During his blink-and-you-missed-it tenure, Sacks helped draft the Trump administration's crypto playbook, which mostly involved championing market-structure reform, stablecoin legislation, and casually floating the idea of a U.S. Bitcoin reserve like it was adding a new altcoin to the watchlist. He also spent quality time roasting the Biden-era regulatory approach as being all hammer and no nail, pushing for rules with more clarity than a typical whitepaper.
Yet, the headline bills he was shilling are still stuck in legislative limbo, trading sideways with no volume. Senate Republicans are now trying one final liquidity push for the market-structure bill, the so-called Clarity Act. Senate Banking Committee chair Cynthia Lummis (R-WY) told reporters the committee will hold a rescheduled markup in “the second half of April,” desperately trying to get the bill out of committee before D.C.'s fleeting crypto attention span moves on to the next shiny object.
Sacks had previously hinted with the confidence of a crypto influencer that both market-structure and stablecoin reforms could moon within the administration’s first 100 days—a timeline that has since rugged, slipping as Congress continues to debate the Clarity Act with the speed of a congested mainnet.
An early, grand proposal to establish a permanent White House “crypto council” of industry degens never materialized, proving about as durable as a vaporware roadmap. Instead, the administration settled for periodic summits and an internal digital-assets working group, a pivot that happened after industry infighting derailed the original plan—a classic case of too many chefs spoiling the governance token.

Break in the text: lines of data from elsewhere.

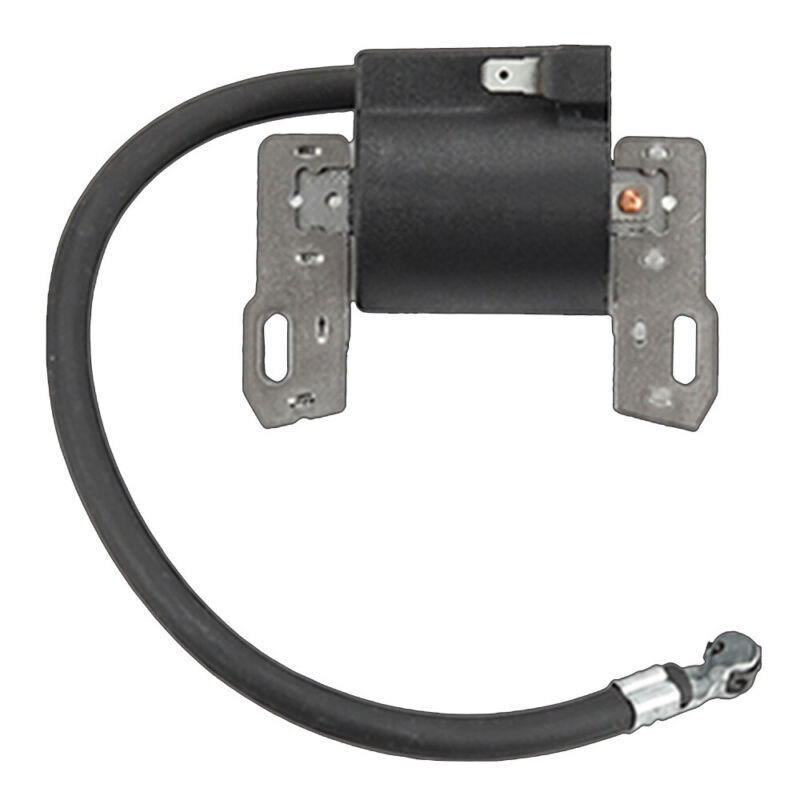Ignition Coil For 407677 407777 446777 446877 446977 | eBay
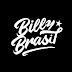 BILLY BRASIL - BEBE VEM ME PROCURAR 2019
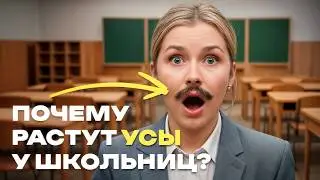 Putin asks for the fish to be eaten, and the Russian Orthodox Church... The most cringeworthy news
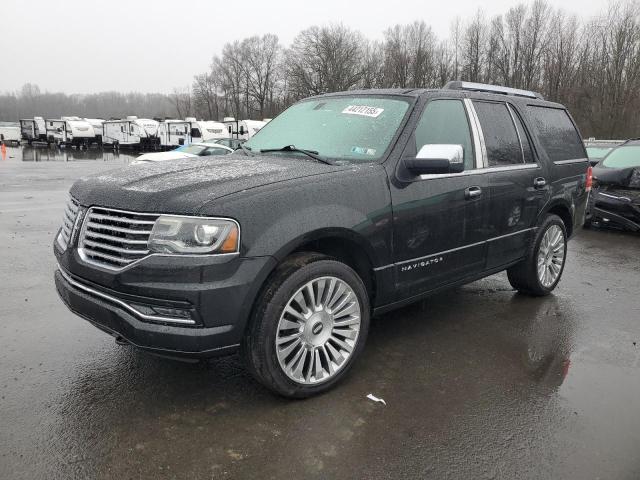 lincoln navigator 2015 5lmjj2jt2fej00174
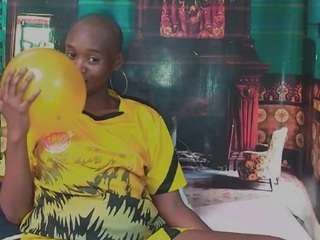 ebonyolive69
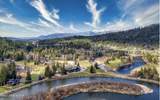 215 White Cloud Dr - Photo 48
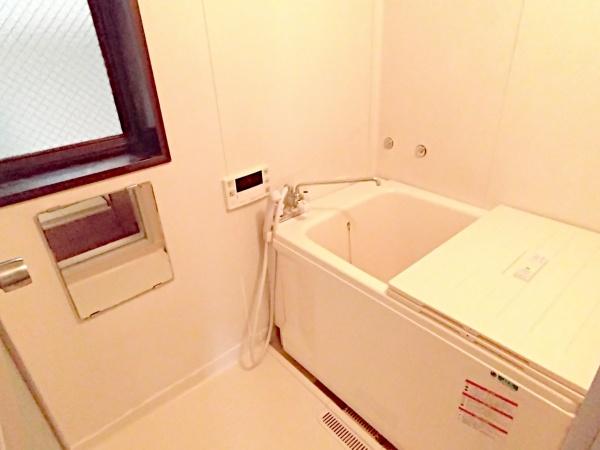 シティハイム田園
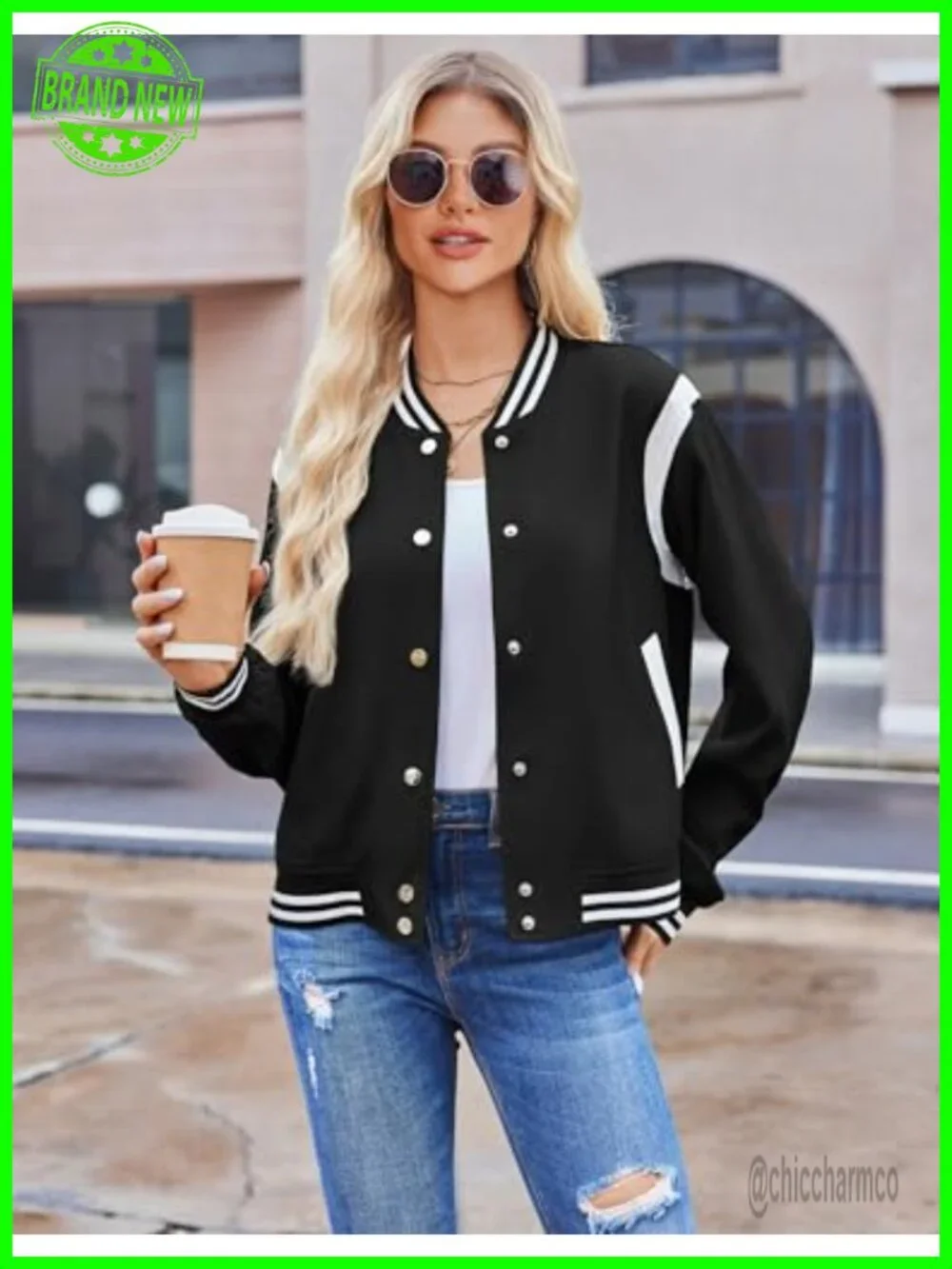 N/A this bomber
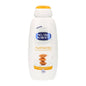 NEUTRO ROBERTS BAGNOSCHIUMA CON OLIO DI MARDORLA 450ML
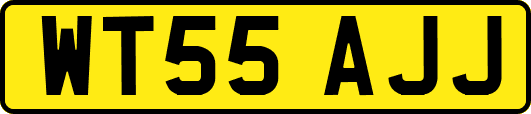 WT55AJJ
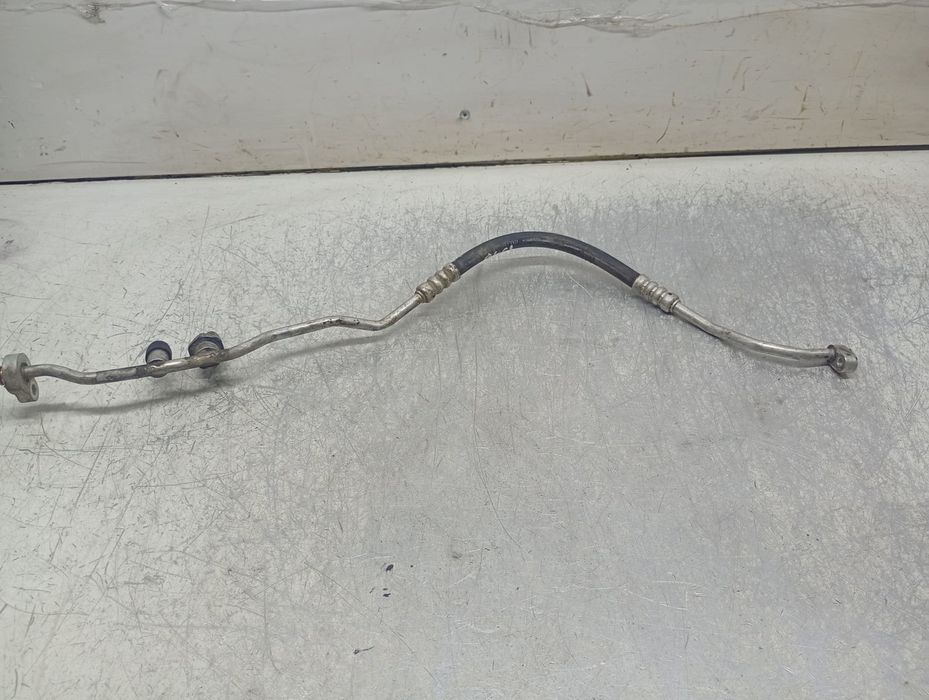 Conducta clima ac Infiniti Q30 1 (2016 - 2020) 2.2 d 651.930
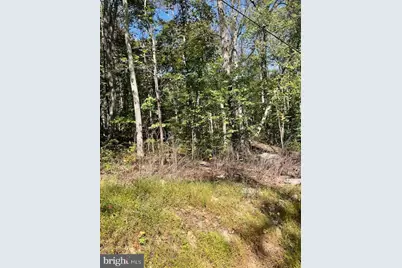 0 Inca Lot 209 Trail, Winchester, VA 22602 - Photo 2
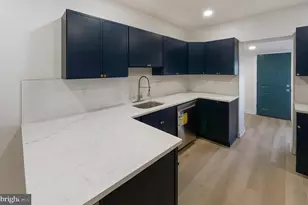 1446 N 60th St, Philadelphia, PA 19151 - Photo 7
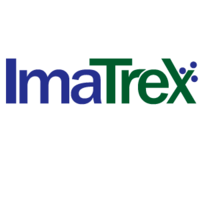 Desktop & mobile applications for ELCT-tomography by Imatrex devices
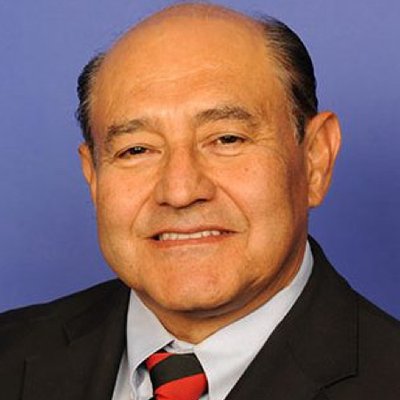J. Luis Correa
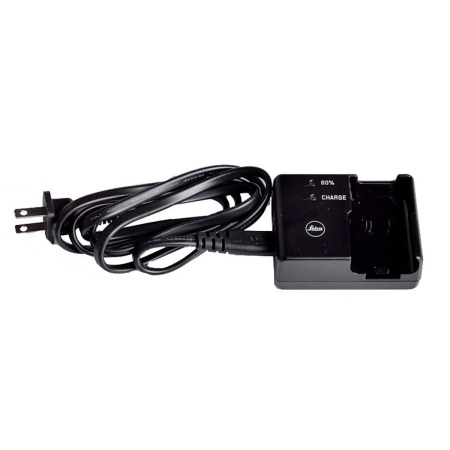Battery charger  M8 / M9 / M-E / M img 0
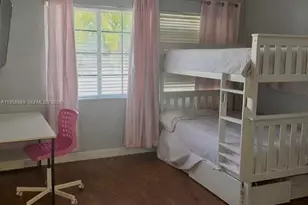 9260 Bay Harbor Terrace, Bay Harbor Islands, FL 33154 - Photo 16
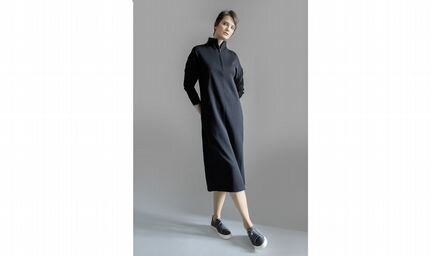 Итальянское платье Max Mara. Оригинал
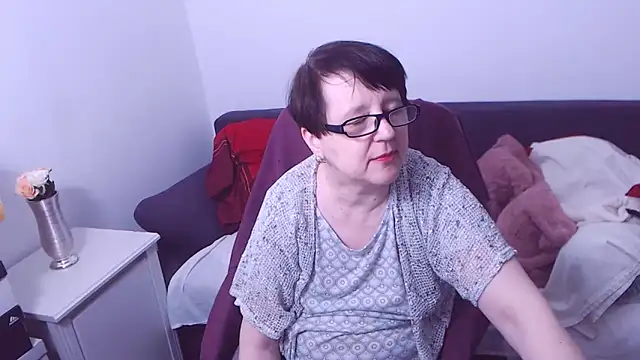 ChristaRose Live XXX Chat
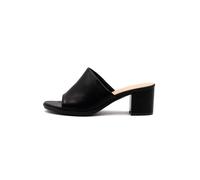 Alviero Martini Zoccoletto nero Donna Alviero Martini 37,5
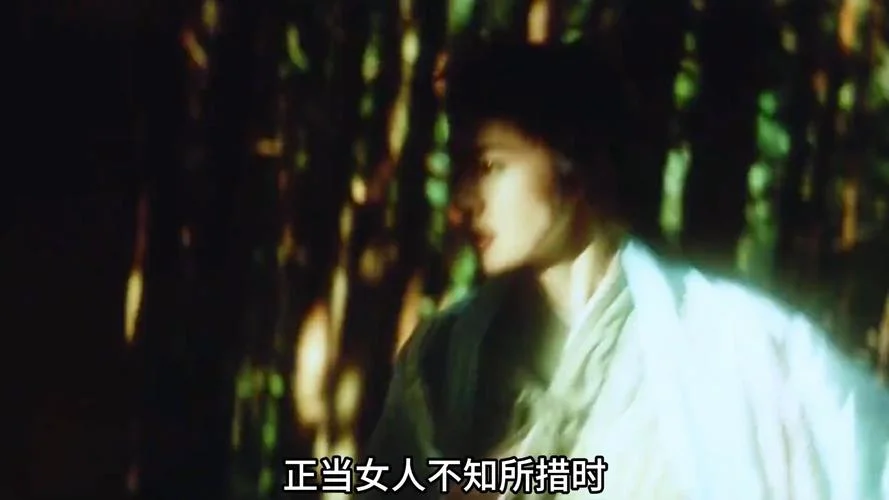 迷雾电影剧情详解结局_2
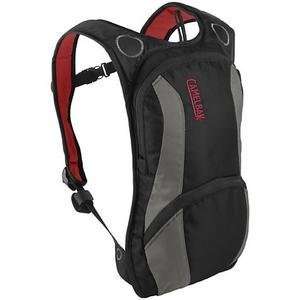  CAMELBAK ZOID 72OZ  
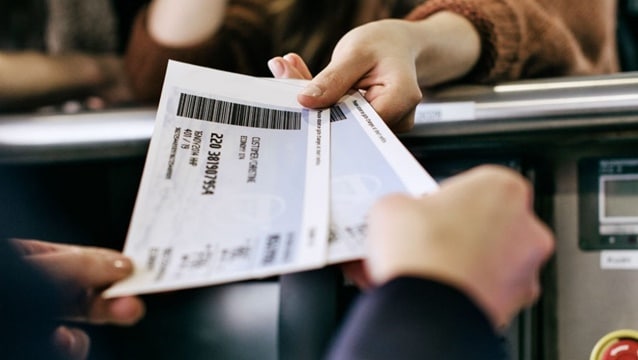 Rusya'da uçak bilet fiyatlarında rekor artış!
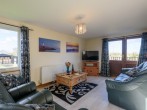 Cottage in Dereham, Norfolk (65903) #3 Cottage in Dereham, Norfolk (65903) #3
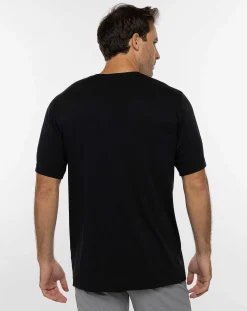 Bisbee Tee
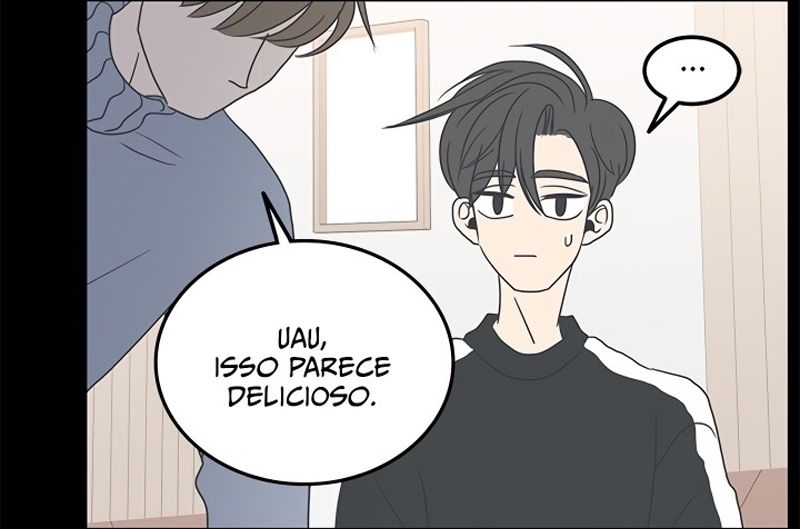 Cap 7 página 78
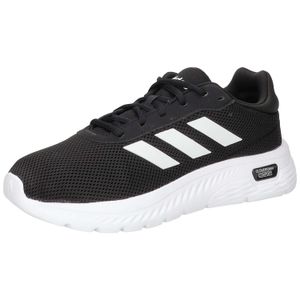 Adidas ortholite cloudfoam training outlet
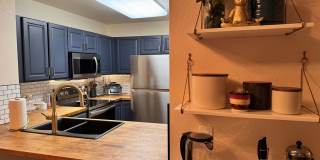 1203 Warrior Way Gallery 23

On the strategic Bitcoin reserve front, Sacks was in the early group chats about a U.S. BTC stockpile, but no concrete steps have been taken. The debate still rages, a classic crypto Twitter thread war over whether the reserve should be funded by seized crypto assets or by liquidating part of the nation's gold holdings—boomer stack vs. digital stack.
Before taking the gig, Sacks did the ultimate conflict-of-interest cleanse, selling his personal crypto bags. He continued to advocate for a more defined regulatory framework, arguably a more challenging quest than finding a real use case for an NFT. He has also brushed off FUD from Democratic lawmakers and industry players about the Trump administration’s ties to World Liberty Financial, a DeFi firm majority-owned by the President’s sons.
With Sacks moving his focus to his new, broader role, the White House’s crypto agenda remains a work in progress, stuck in development like a promised Layer 2. Lawmakers are still endlessly debating agency jurisdiction, stablecoin governance, and the broader regulatory architecture. Meanwhile, Sacks says his focus will shift to AI and broader tech through PCAST, noting, “As co-chair of PCAST, I can now make a range of recommendations on not just AI but an expanded range of technology topics.” So, from shitcoin regulation to robot overlords—a classic pivot.